The security establishment has strongly urged cooperation with the Palestinian Authority, the creation of more economic opportunities for Palestinians and diplomatic progress toward a political solution that can get at many of the root causes of violence. That puts it at odds with the Prime Minister and his cabinet — who tend to deny that the basic problem, the ongoing occupation, even exists.
While the Prime Minister blames terror attacks wholly on Palestinian incitement and routinely denounces President Abbas as being largely to blame, leading security officials contradict him, touting the role of the Palestinian Authority in helping to stop attacks. One told a journalist this week that “security coordination has improved a great deal, and the Palestinians are working indefatigably to thwart terror attacks.”

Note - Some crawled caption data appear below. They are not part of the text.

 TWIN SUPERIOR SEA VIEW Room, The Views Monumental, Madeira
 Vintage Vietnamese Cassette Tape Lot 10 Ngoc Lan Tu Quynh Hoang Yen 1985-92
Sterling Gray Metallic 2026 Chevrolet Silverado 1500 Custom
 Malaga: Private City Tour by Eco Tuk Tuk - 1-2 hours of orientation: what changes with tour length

The Forward’s J.J. Goldberg has taken the lead in documenting that rift — and this week he reported one of the most glaring examples yet. Lieutenant General Gabi Eisenkot, the IDF’s chief of staff, told an audience at the Institute for National Security Studies conference that the Iran nuclear agreement represents a “strategic turning point” with “many risks but many opportunities.” He also described the existential threat to Israel from the Iranian nuclear program as “declining.”

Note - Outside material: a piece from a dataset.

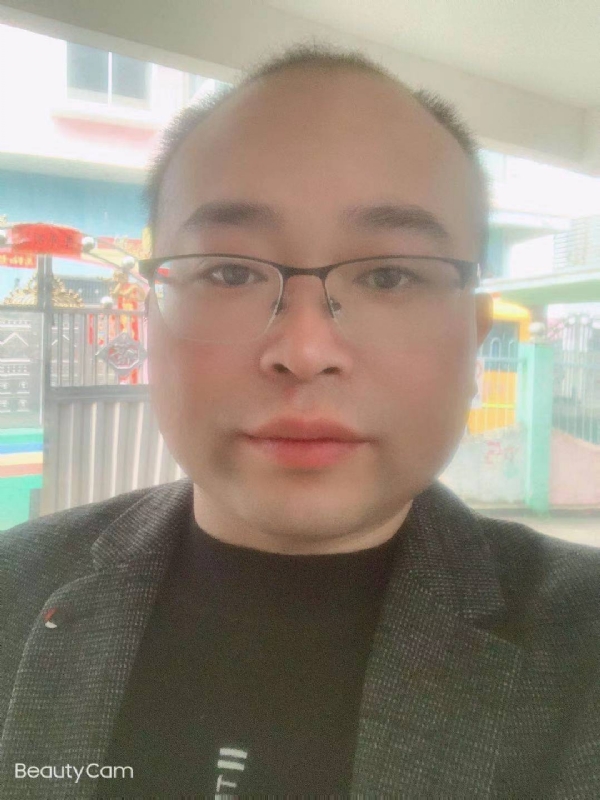 海阔凭鱼跃的第一张照片--泉州相亲服务中心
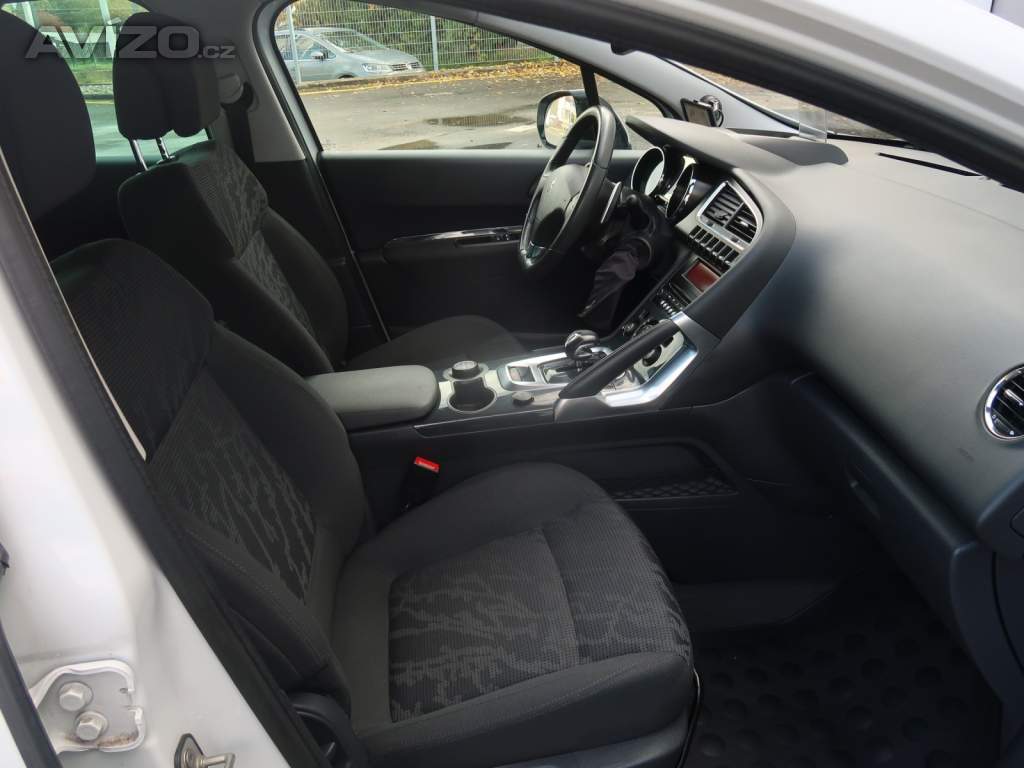 Foto inzerátu Peugeot 3008 Hybrid4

Goldberg calls this “the most direct public challenge yet posed by Israel’s security services to the repeated claim by Netanyahu that the Iran nuclear agreement threatens Israel’s survival.”

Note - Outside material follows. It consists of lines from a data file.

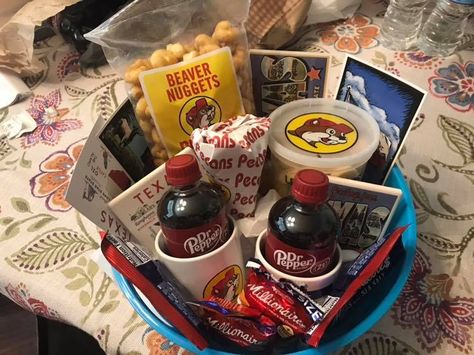 The ULTIMATE Texas-Style Gift Basket...featuring BUC-EES! Texas Welcome Basket, Welcome To Texas Gift Basket, Texas Gift Basket, Texas Themed Gifts, Texas Party, Theme Baskets, Texas Theme, Auction Basket, Welcome Basket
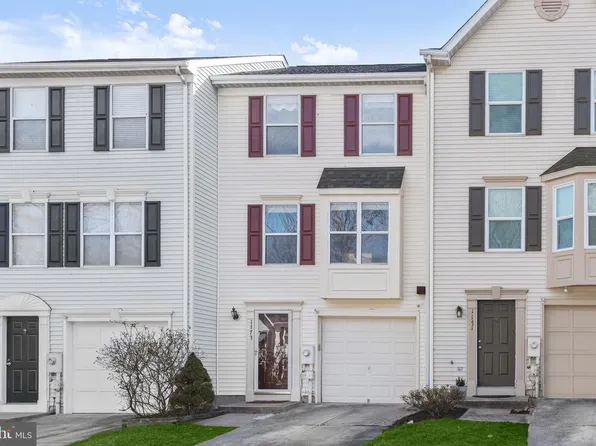 1173 Kelfield Dr, Halethorpe, MD 21227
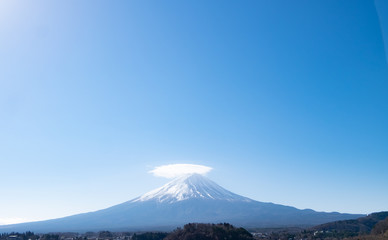 Fuji mountain and Kawaguchiko lake with cloud and blue sky day 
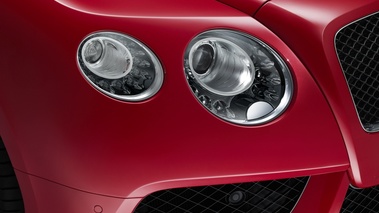 Bentley Continental GTC V8 S rouge phare avant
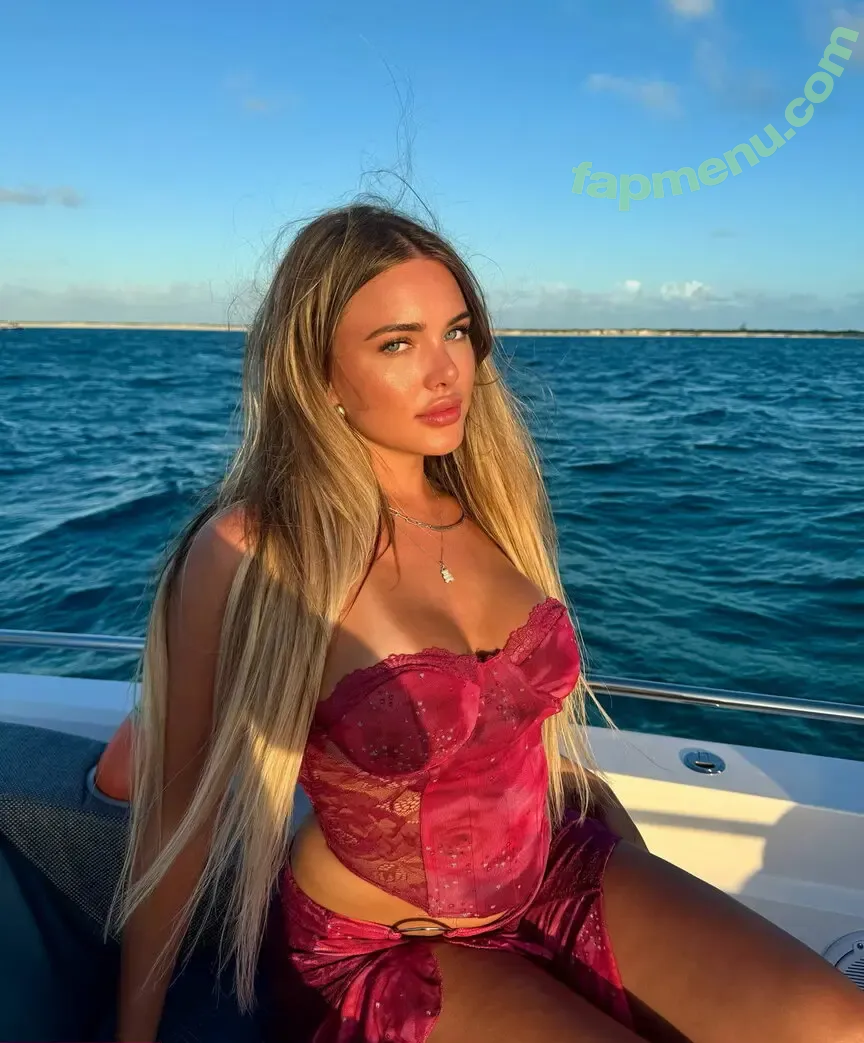 Kendrarowe nude photo #0006 (Kendrarowe)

Eisenkot’s remarks are just the latest proof that the Prime Minister’s apocalyptic warnings about the Iran agreement — and the furious efforts of those in Congress who supported his position — don’t by any stretch represent the views of all Israeli leaders. As with the Israeli-Palestinian conflict, the bluster of the Prime Minister simply doesn’t match the analysis of the men and women in the IDF and intelligence services who have devoted their careers to keeping Israelis safe. They are acutely aware of what military force can accomplish — and what it cannot.
The General made clear that when it comes to assessments of Israel’s security needs, some decisionmakers may be more well-reasoned and clear-eyed than others. “[N]aturally the task of the army, and my task, is to view situations from a perspective of both risks and capabilities, and in that manner to make a judgment. And not from an assumption of the worst-case scenario, because I think that is no less dangerous than to project an overly optimistic scenario.”
Those comments serve as a welcome reminder that unrelenting pessimism is not pragmatism — and that recognizing and exploiting the strategic benefits of strong diplomacy is not naivete.